We’re a week into the new year – how’s business going
against budget? No budget? Big mistake! You’ve heard all the old hack phrases
about aiming at nothing and hitting it with surprising regularity...but
seriously, how can you drive a business without a road map?
A sales or revenue budget is a start and if that’s all you
have then it’s better than nothing. But so often clients tell us that they have
no way of knowing what their sales will be next week or next month let along
next year! Our answer is “that’s just a cop out!” Even if your business is one
where the customers walk in the door, ring the phone or email the order you can
still set a budget for sales. Look at the monthly sales for the past, say, 3
years. Do you see any seasonal pattern? Has there been any growth? What are the
current conditions in your market? These all give you a starting point to set a
sales budget for the year ahead.
So now
you’ve got a sales budget – what are you going to do with it? Well there are a
number of things that are all quite easy:
- Compare your monthly actual sales against budget and think about why they’re different. Talk to your team about what is happening, think about what products/services were popular or unpopular, were outside events impacting (e.g. news stories about economic woes, elections etc) or did you have any activity that might have made an impact (like advertising, product placement, promotions etc)?

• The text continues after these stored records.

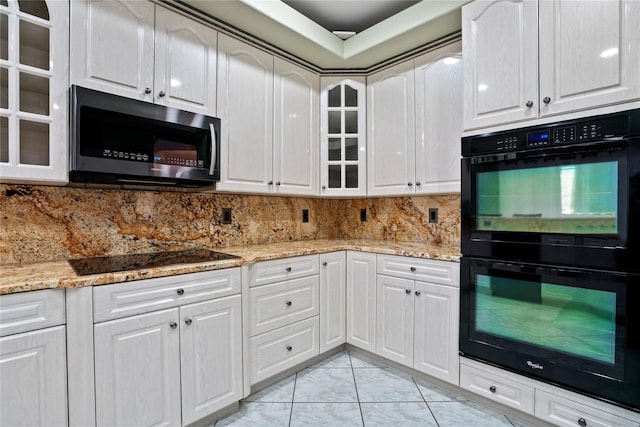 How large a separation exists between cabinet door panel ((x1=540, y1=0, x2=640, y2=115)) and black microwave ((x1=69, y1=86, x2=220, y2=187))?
190 centimetres

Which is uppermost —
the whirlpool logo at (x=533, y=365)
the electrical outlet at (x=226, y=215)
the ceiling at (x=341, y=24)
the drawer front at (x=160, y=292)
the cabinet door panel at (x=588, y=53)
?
the ceiling at (x=341, y=24)

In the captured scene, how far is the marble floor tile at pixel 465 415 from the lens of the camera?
68.9 inches

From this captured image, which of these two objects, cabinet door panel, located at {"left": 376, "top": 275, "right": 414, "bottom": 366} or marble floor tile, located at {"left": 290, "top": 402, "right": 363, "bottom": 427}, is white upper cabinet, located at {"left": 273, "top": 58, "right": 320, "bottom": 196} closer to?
cabinet door panel, located at {"left": 376, "top": 275, "right": 414, "bottom": 366}

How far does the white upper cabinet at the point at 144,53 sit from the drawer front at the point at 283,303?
1.22m

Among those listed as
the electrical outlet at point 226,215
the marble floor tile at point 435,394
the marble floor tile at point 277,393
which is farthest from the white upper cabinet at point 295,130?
the marble floor tile at point 435,394

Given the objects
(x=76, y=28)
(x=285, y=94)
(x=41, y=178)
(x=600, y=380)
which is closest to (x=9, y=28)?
(x=76, y=28)

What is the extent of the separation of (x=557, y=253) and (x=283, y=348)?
5.61ft

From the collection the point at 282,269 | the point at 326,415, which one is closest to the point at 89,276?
the point at 282,269

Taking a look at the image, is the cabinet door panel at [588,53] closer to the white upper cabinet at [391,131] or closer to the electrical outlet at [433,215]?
the white upper cabinet at [391,131]

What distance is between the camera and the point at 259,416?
1811 millimetres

- Check whether your monthly budget sales exceed break-even, i.e. are you going to make a profit at that level of revenue? You don’t know? Well you’ve just highlighted another important measure you need to get on top of – more about that later.
- Try something new – focus on a particular product or service, talk to customers about the things they’re not buying from you, set a sales target for your team with a reward or celebration if you reach or beat it. If you’re not sure what to do – just do anything! Doing something different will always have an impact.
- Work out how many items/hours or whatever you need to sell or produce to make that budget. Work out how many sales you need to make – i.e. what is your average sale? Work out how many customers you need to meet to hit your target. These are critical numbers you should always be measuring. When you break the activities down that together results in a sale it’s much easier to think about what affects those little bits and what you might try that will improve your results. For example, if the average customer buys $265 of product/service each time you make a sale, think about what else you could offer them to increase that. They’re already there and buying from you...
You get the message I’m sure.
So what else? Well:
- Work out an overhead budget. These are the costs you’re going to incur whether anyone sets foot in your place or not.
- Work out your gross profit – the difference between what you sell something for and how much it costs you. For some service businesses, say a hairdresser, where the service providers are on wages you can just treat sales as gross profit. For others you know what your products cost you.
- Work out your break-even sales. This is the value of sales where the gross profit equals the overheads.
- Gross profit is 50%
- Break even sales = overheads/GP
= 22,500/0.5
= $45,000
How much do you need to sell to make $150,000 per year profit? That’s $12,500 per month. Just add that amount to your overheads and re-work the break-even equation:
- Monthly overheads plus profit target = $22,500 + 12,500 = $35,000
- Gross profit is 50%
- Profit target sales = (overheads + profit)/GP
= 35,000/0.5
= $70,000
So now you can start to use your budget to drive business performance. How much profit do you want to make? What sales targets do you need to set to make that? How many sales/customers do you need to hit that target? What are your results now? What are some things you need to do to reach that target?
Now we’re talking Strategy. And all because you thought about setting a sales budget – but more importantly, without one you can’t even get started.